[Task item]: In the entries that follow, the lines from the one with "Gattico-Veruno attiva il" through the one with "SC license plate ZVC226" are the ones to write out, exactly and with both ends included. Nothing else should appear.

---- Given records

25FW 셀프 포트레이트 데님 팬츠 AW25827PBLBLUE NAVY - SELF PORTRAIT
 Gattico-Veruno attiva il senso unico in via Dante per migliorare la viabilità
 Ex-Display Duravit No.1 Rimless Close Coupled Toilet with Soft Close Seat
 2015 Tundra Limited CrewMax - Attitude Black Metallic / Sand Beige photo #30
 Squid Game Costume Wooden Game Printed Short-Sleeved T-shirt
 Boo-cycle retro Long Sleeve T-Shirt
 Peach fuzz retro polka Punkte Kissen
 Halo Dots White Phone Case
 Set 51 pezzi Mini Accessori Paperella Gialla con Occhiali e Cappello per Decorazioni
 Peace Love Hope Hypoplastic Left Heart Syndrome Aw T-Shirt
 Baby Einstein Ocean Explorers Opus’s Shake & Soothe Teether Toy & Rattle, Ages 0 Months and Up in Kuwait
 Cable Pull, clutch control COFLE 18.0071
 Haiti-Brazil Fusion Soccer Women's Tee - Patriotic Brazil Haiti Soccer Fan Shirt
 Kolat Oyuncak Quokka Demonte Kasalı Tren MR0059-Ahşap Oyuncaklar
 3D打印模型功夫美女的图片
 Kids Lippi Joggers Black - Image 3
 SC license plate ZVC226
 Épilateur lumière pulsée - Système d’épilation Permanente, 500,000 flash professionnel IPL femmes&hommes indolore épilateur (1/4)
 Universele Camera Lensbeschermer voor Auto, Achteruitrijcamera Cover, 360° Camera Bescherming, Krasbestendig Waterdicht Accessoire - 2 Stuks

--------

[The answer]:
 Gattico-Veruno attiva il senso unico in via Dante per migliorare la viabilità
 Ex-Display Duravit No.1 Rimless Close Coupled Toilet with Soft Close Seat
 2015 Tundra Limited CrewMax - Attitude Black Metallic / Sand Beige photo #30
 Squid Game Costume Wooden Game Printed Short-Sleeved T-shirt
 Boo-cycle retro Long Sleeve T-Shirt
 Peach fuzz retro polka Punkte Kissen
 Halo Dots White Phone Case
 Set 51 pezzi Mini Accessori Paperella Gialla con Occhiali e Cappello per Decorazioni
 Peace Love Hope Hypoplastic Left Heart Syndrome Aw T-Shirt
 Baby Einstein Ocean Explorers Opus’s Shake & Soothe Teether Toy & Rattle, Ages 0 Months and Up in Kuwait
 Cable Pull, clutch control COFLE 18.0071
 Haiti-Brazil Fusion Soccer Women's Tee - Patriotic Brazil Haiti Soccer Fan Shirt
 Kolat Oyuncak Quokka Demonte Kasalı Tren MR0059-Ahşap Oyuncaklar
 3D打印模型功夫美女的图片
 Kids Lippi Joggers Black - Image 3
 SC license plate ZVC226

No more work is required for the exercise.